Task material:
------------------------
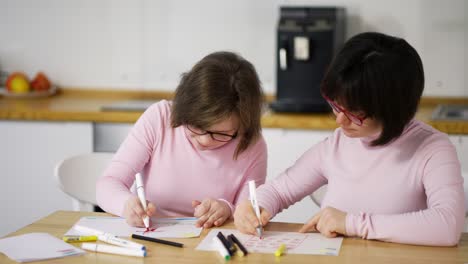 portrait of two girls draw with colorful pens at home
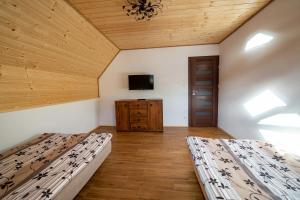two beds in a room with a tv on the wall at Nad Wilczym Potokiem in Baligród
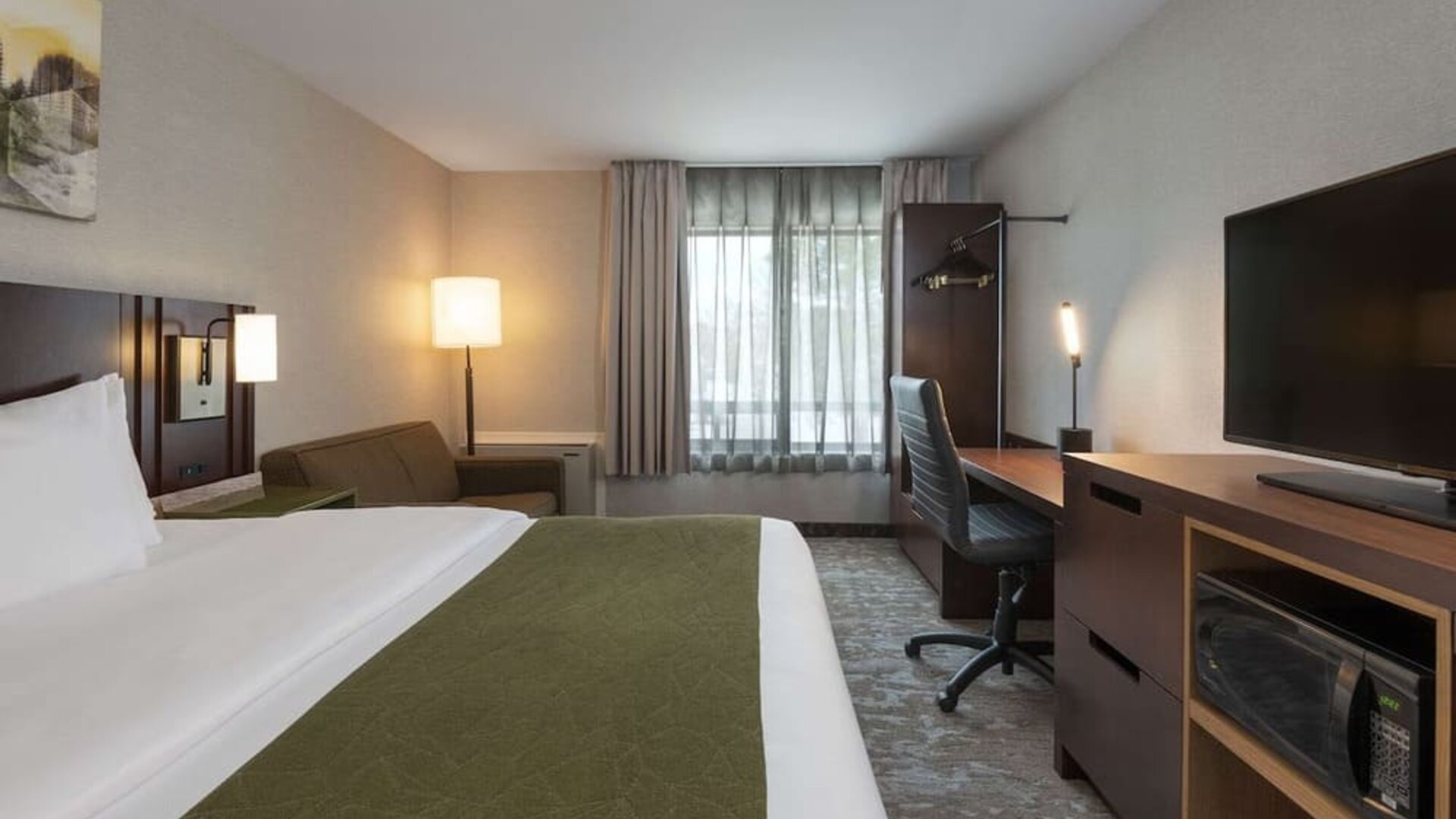 Bright and spacious day use room with TV, work desk and sofa at Comfort Inn Fredericton.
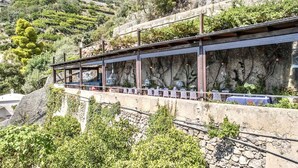 A long, narrow building with a stone facade and a series of windows. - SELENE - Eight Bedroom Villa, Sleeps 16 (Ravello)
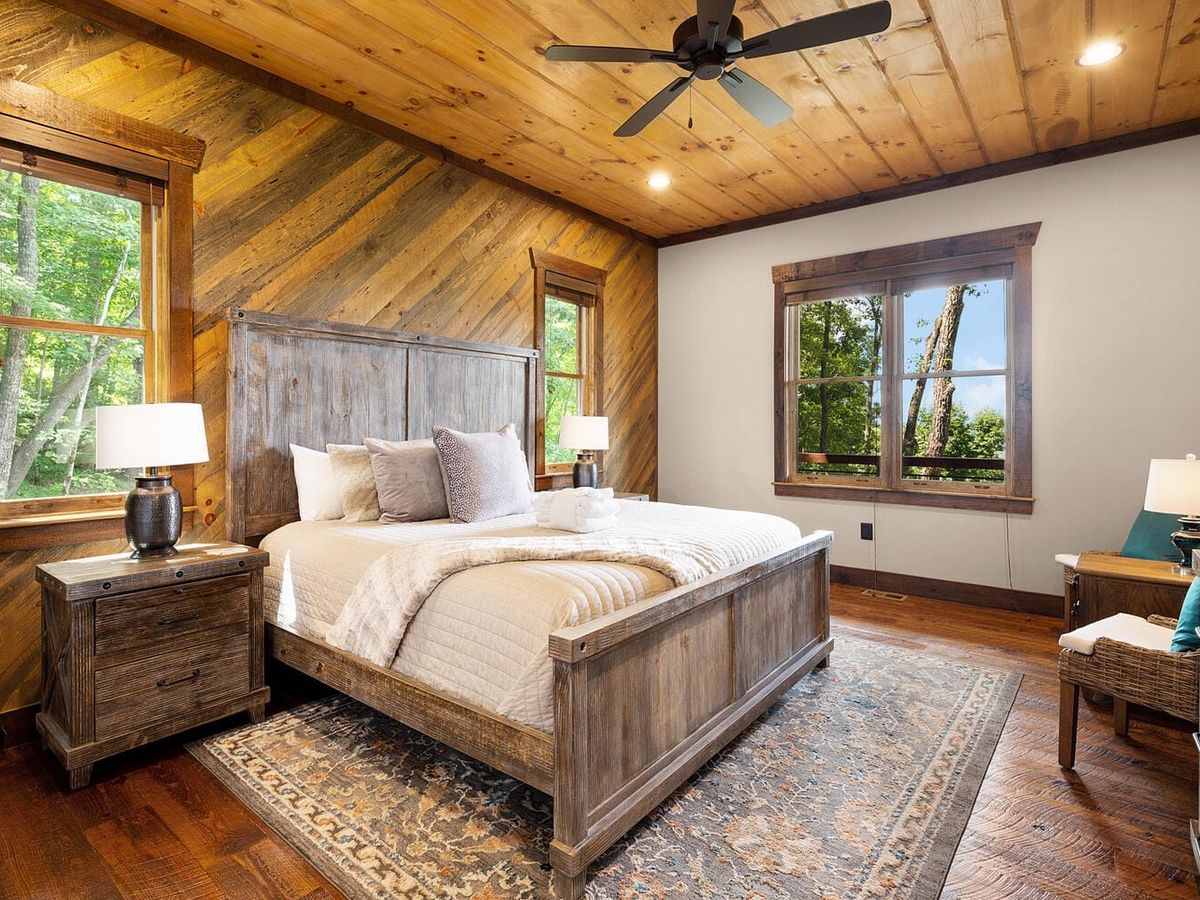 A shallow creek winds through a leafy forest, sunlight dancing across the water. The gentle flow and quiet woods suggest a nature-first way to unplug and feel balanced.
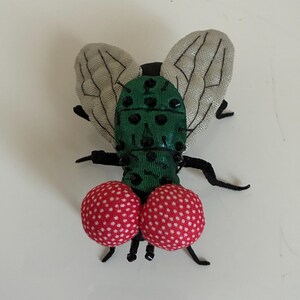 May include: A whimsical fly-shaped brooch. The body is green with black accents, and the wings are a light gray fabric. Two red, polka-dotted spheres form the lower portion of the fly's body. The brooch has black legs and antennae.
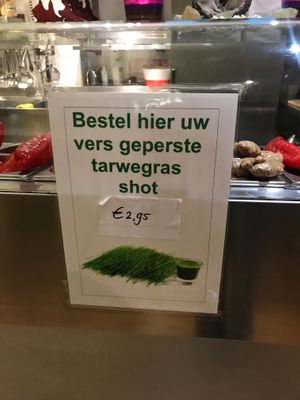“Order here your freshly pressed wheatgrass shot" at Unlimited Health in Amsterdam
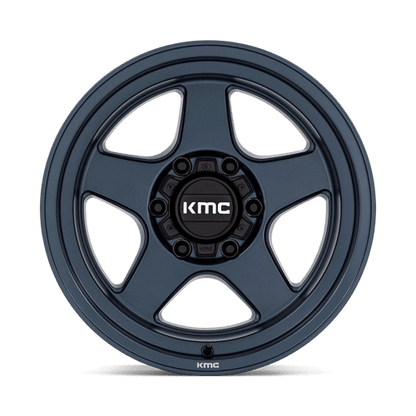 KMC KM728 LOBO Metallic Blue wheel showcasing its rugged design and durability for off-road vehicles.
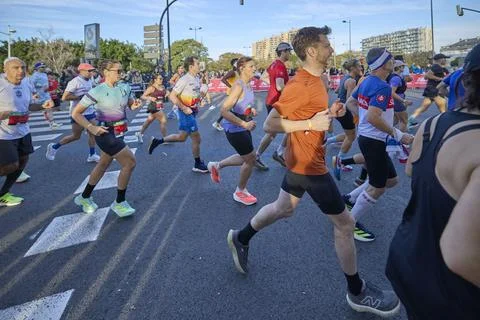 Group of athletes running in the opening segment of the Valencia Marathon Stock Photos
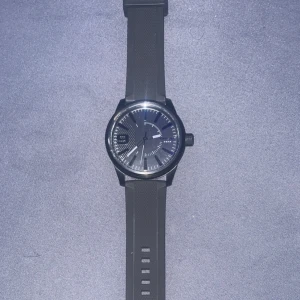 Diesel Herrklocka DZ1807 - Snygg svart herrklocka från Diesel, modell DZ1807. Klockan har en rund urtavla med tydliga markeringar och ett svart armband i gummi. Modern och stilren design med Diesel-logga på urtavlan.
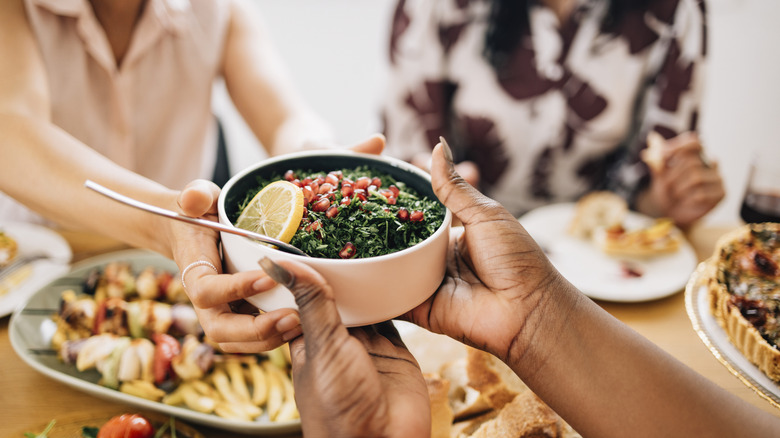 A family passing a plate of food to each other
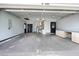 Spacious two-car garage with ample storage, utility sink and overhead lighting at 12453 Se 61St Ct, Belleview, FL 34420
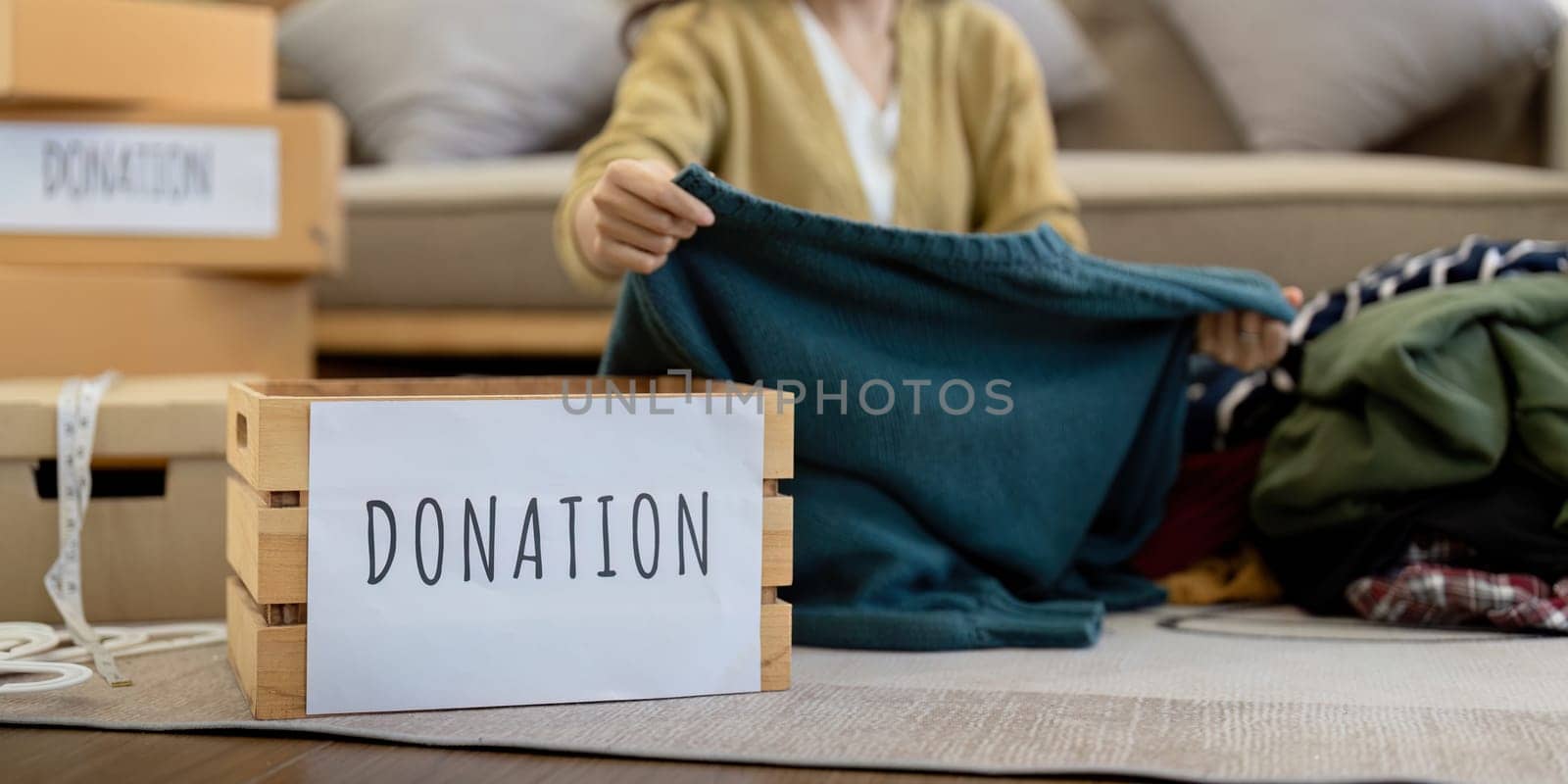 Donation, asian young woman sitting pack object at home, putting on stuff into donate box with second hand clothes, charity helping and needy people. Reuse recycle.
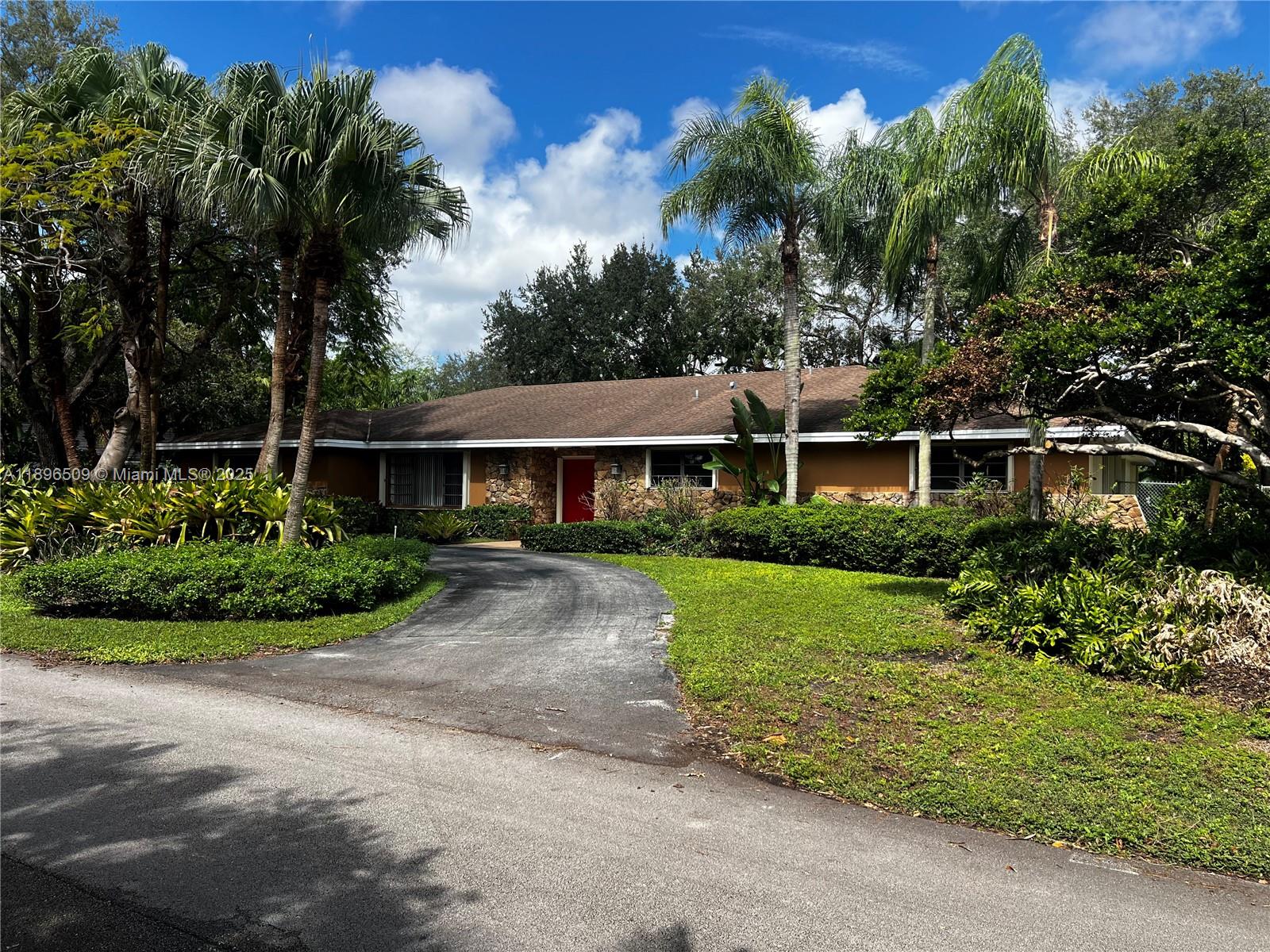 7751 Southwest 131st Street Pinecrest, FL 33156 - Photo 2 of 23 a front view of a house with a garden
------------------------
Task brief:
From the first line of the records through the line with "A shallow creek", reproduce each line exactly and leave the pictures out.

Solution:
 portrait of two girls draw with colorful pens at home
two beds in a room with a tv on the wall at Nad Wilczym Potokiem in Baligród
 Bright and spacious day use room with TV, work desk and sofa at Comfort Inn Fredericton.
 A long, narrow building with a stone facade and a series of windows. - SELENE - Eight Bedroom Villa, Sleeps 16 (Ravello)
 A shallow creek winds through a leafy forest, sunlight dancing across the water. The gentle flow and quiet woods suggest a nature-first way to unplug and feel balanced.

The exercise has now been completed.